Llevar las cosas íntimas hasta el límite; llevar la lógica del absurdo y las deformaciones del orden mental establecido hasta el límite, es privilegio de los genios y de los irresponsables, de los militantes revolucionarios y de los sicópatas. Para los genios y los militantes, ese gusto por el límite significa una subversión de los valores formales, obedece a una necesidad de esclarecimiento, mediante la relativización de todos los fenómenos aceptados. Para los irresponsables y los sicópatas, en cambio, es un autosatisfactorio chapoteo en el cieno de las mistificaciones o, en el mejor de los casos, una aberrada y aberrante incapacidad de ver, distinguir y evaluar los delicados elementos que el contacto con el límite ha logrado descarnar. La Martina constituye un ejemplo inmejorable del último de estos casos.
Difícilmente encontraríamos en la cultura o en la subcultura mexicanas una mejor definición, posología, vía de administración y modo de empleo de la aberración existencial llamada “hembrismo” como en esta cinta. Ni en la interpretación lewisiana de los lumpendesahogos quejumbrosos de las hijas de Sánchez (a nivel antropológico), ni en los indispensables ensayos de Marta Acevedo y demás compañeras del movimiento de liberación de la mujer (a nivel superestructura consciente), hallamos aún, desgraciadamente, las formulaciones teóricas de ese tipo de mentalidad aberrada.
Esta singularidad de La Martina se debe a un hecho poco frecuente en nuestro cine. Fue concebida, escrita, producida, actuada y cancionizada por una mujer, si bien el libreto fue confeccionado por la sastrería guionística de García Travesí y la dirección corrió a cargo de René Cardona hijo, el astracanesco creador de Mauricio Garcés como género cinematográfico. La cantante folclórica Irma Serrano, que primero había adaptado el corrido “La Martina” al gusto actual y cuyas películas fueron boicoteadas subrepticiamente a finales del diazordacismo, se autoerigió como una especie de “autora total”, según las condiciones que regulan el cine nacional.
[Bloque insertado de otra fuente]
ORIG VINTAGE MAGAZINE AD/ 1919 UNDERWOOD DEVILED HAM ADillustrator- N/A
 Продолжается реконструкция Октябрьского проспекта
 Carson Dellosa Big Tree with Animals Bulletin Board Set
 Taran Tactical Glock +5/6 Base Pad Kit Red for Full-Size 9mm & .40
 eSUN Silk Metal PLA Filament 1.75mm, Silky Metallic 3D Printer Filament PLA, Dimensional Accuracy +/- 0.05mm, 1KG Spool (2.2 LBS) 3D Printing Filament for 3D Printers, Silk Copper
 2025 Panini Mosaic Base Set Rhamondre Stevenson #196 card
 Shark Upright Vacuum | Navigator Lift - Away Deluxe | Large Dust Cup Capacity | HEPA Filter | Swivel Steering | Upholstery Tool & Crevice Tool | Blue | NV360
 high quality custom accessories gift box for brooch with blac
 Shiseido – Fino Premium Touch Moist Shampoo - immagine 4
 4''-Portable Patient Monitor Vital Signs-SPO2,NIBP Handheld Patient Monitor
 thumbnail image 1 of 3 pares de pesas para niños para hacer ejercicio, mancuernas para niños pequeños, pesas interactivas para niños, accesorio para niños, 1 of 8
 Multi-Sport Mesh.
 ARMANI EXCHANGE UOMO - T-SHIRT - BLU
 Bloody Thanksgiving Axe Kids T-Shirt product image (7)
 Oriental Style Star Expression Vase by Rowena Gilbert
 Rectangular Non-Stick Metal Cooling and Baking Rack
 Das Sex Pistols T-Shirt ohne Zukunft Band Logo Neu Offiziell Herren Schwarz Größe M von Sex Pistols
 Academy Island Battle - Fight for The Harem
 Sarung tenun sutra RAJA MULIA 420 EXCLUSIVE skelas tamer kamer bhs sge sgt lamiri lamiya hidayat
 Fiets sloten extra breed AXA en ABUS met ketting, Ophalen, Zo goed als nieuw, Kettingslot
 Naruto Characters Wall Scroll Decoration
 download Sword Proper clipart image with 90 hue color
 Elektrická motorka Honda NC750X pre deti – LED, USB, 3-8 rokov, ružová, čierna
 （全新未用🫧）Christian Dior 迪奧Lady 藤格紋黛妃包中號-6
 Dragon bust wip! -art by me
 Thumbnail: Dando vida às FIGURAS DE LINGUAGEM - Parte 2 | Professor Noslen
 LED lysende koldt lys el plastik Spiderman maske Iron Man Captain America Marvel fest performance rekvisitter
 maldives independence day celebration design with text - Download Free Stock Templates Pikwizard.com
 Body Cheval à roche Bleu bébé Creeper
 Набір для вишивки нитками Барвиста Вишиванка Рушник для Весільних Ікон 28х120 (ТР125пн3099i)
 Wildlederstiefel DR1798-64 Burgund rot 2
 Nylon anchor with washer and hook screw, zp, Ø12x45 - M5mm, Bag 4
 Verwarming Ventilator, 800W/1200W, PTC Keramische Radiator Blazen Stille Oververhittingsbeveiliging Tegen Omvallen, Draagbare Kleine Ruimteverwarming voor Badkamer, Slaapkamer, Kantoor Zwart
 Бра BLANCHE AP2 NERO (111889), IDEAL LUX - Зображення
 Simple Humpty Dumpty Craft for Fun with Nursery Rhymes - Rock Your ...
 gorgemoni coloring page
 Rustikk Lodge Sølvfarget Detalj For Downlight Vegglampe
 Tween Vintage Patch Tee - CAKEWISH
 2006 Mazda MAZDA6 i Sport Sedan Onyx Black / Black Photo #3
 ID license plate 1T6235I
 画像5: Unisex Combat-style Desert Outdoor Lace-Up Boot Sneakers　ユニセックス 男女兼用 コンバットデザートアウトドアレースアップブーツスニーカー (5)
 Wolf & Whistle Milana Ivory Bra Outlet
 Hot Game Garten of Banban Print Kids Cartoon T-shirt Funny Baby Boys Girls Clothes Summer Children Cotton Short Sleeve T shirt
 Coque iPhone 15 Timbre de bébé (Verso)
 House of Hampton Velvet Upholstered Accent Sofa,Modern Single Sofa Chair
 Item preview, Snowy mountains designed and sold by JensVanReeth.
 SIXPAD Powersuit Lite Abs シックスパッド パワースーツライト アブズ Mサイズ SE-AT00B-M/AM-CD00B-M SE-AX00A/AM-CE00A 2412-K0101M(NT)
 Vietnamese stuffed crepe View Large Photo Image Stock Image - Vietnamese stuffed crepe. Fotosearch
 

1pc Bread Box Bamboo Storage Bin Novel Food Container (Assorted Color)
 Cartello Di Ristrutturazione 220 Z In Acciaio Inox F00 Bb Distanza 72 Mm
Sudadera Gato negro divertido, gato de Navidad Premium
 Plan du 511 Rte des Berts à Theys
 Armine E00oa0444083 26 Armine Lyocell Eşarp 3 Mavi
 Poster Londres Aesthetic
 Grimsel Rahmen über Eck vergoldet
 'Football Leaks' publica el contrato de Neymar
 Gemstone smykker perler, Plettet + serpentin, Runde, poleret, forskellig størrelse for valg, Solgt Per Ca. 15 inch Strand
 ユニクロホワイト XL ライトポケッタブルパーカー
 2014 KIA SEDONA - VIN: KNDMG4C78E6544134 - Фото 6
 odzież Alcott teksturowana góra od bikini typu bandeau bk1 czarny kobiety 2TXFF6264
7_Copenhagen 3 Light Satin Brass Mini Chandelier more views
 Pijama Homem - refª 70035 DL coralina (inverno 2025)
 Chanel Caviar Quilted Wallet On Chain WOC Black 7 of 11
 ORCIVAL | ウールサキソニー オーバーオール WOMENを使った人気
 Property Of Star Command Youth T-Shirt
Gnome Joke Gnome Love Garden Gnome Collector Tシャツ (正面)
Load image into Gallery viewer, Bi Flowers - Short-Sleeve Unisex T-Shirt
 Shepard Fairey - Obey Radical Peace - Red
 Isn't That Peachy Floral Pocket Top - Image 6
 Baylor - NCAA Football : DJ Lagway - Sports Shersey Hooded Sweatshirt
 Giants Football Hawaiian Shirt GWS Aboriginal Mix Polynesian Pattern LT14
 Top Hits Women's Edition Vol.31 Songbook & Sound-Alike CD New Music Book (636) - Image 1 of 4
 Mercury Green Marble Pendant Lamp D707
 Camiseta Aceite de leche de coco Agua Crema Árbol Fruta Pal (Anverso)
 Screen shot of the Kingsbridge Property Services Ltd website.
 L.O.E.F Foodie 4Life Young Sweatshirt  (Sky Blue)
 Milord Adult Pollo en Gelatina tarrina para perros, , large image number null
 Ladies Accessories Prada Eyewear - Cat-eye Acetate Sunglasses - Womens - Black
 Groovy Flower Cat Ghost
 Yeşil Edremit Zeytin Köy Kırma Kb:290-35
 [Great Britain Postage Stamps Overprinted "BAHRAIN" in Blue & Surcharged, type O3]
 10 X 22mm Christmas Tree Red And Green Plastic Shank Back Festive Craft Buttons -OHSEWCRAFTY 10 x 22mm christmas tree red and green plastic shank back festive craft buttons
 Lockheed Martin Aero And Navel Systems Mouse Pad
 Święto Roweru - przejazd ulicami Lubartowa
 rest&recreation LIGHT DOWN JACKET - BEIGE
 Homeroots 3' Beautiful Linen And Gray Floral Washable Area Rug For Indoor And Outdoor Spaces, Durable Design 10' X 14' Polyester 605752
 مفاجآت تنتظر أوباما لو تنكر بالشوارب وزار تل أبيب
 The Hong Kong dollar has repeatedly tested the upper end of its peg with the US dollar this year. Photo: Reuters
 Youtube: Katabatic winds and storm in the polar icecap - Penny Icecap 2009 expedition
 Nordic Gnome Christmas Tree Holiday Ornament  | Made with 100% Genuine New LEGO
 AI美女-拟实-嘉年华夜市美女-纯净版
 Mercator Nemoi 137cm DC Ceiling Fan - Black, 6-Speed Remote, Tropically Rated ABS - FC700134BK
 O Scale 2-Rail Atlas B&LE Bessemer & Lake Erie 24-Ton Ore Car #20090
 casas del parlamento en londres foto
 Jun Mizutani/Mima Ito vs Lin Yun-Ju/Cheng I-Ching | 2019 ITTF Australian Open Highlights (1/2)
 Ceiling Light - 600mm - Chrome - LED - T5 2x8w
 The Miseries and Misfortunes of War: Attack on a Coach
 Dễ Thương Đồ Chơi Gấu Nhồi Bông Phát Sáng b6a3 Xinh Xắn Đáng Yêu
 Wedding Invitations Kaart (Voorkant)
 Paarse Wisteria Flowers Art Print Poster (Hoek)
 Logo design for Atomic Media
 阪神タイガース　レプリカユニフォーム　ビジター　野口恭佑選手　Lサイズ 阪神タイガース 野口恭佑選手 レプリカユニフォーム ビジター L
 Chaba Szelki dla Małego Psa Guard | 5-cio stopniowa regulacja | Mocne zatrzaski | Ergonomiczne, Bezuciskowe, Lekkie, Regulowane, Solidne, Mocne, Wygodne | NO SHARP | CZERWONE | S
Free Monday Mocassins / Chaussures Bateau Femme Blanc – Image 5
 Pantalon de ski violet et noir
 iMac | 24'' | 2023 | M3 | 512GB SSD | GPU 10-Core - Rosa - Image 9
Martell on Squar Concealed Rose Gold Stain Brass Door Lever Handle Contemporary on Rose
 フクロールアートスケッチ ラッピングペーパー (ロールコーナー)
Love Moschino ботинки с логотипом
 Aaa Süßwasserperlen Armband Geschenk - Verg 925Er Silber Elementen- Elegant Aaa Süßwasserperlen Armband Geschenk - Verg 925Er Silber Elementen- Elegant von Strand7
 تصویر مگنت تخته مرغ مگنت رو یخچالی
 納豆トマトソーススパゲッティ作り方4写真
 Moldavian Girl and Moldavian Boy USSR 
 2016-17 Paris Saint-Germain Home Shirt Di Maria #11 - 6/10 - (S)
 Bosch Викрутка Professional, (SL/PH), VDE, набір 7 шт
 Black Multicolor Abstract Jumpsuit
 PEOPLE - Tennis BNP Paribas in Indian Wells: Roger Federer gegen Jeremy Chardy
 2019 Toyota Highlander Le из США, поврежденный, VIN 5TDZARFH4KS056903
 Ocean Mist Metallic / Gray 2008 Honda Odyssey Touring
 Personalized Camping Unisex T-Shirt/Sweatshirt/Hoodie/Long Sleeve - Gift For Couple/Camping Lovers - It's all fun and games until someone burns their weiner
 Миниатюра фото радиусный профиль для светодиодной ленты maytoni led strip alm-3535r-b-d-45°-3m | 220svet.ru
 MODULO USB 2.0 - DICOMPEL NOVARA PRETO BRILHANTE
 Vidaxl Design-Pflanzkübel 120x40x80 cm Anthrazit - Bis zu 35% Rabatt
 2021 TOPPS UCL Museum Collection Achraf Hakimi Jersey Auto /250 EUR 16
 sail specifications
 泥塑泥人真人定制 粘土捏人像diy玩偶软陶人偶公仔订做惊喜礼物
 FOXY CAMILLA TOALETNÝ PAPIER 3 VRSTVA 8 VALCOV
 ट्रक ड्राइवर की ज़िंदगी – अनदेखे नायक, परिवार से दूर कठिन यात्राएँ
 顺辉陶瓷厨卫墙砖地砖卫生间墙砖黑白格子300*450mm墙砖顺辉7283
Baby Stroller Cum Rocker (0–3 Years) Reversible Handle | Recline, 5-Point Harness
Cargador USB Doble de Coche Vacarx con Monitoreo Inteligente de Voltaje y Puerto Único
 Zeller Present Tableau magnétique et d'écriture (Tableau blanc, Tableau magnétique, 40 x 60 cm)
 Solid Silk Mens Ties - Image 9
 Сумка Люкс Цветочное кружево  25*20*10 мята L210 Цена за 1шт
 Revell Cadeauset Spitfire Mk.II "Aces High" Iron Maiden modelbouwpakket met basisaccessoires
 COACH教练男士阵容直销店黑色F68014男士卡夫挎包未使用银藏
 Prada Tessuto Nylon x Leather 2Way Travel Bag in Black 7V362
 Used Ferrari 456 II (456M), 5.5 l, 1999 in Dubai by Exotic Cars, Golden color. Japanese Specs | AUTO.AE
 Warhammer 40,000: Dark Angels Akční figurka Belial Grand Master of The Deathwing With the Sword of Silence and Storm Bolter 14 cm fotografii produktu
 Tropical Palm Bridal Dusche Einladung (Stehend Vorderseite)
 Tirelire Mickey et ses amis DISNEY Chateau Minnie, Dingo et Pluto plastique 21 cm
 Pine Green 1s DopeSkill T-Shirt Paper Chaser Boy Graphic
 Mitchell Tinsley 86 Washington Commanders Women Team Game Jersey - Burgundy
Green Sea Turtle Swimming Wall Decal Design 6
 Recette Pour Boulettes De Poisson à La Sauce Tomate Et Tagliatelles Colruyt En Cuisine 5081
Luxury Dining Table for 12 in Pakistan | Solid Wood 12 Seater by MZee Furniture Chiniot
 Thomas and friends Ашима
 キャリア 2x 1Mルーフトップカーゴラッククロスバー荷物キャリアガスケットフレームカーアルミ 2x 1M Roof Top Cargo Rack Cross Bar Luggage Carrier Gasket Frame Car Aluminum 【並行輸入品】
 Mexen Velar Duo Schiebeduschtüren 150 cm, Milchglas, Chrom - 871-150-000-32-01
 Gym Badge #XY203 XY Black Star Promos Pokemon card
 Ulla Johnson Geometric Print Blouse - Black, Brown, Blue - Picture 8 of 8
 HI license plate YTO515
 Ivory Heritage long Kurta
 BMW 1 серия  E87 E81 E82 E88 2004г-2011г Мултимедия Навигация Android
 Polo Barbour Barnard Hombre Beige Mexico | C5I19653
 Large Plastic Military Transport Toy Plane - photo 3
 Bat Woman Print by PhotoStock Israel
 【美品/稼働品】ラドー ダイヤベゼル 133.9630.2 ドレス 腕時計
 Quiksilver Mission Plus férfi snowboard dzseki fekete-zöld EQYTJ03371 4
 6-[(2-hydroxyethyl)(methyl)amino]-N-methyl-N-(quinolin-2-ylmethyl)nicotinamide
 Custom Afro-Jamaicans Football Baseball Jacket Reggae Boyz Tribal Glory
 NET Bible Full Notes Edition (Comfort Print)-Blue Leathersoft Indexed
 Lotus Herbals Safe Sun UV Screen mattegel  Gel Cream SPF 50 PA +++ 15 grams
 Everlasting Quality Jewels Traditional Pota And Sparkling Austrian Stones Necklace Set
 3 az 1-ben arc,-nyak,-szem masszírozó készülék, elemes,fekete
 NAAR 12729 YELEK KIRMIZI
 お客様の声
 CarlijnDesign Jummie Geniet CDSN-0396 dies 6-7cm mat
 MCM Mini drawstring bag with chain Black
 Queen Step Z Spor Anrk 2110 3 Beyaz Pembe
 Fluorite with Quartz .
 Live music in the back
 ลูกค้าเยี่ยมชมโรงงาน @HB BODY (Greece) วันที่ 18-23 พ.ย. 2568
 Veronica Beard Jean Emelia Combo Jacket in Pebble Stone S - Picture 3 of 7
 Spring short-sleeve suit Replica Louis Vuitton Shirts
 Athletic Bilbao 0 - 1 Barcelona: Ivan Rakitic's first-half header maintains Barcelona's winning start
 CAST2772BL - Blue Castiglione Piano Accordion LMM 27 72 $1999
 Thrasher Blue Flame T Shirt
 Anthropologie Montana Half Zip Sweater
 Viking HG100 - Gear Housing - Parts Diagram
Una cineasta tigresa, en las antípodas del cine femenino que apenas inician las universitarias Marcela Fernández Violante, Esther Morales o Rocío Barrios,14 porque a nadie se le ocurrirá evocar como antecedentes —trivia sin rango cultural— los nombres olvidados de la Duquesa Olga, Perlita, Matilde Landeta, o la Carmen Toscano de las recopiladas Memorias de un mexicano.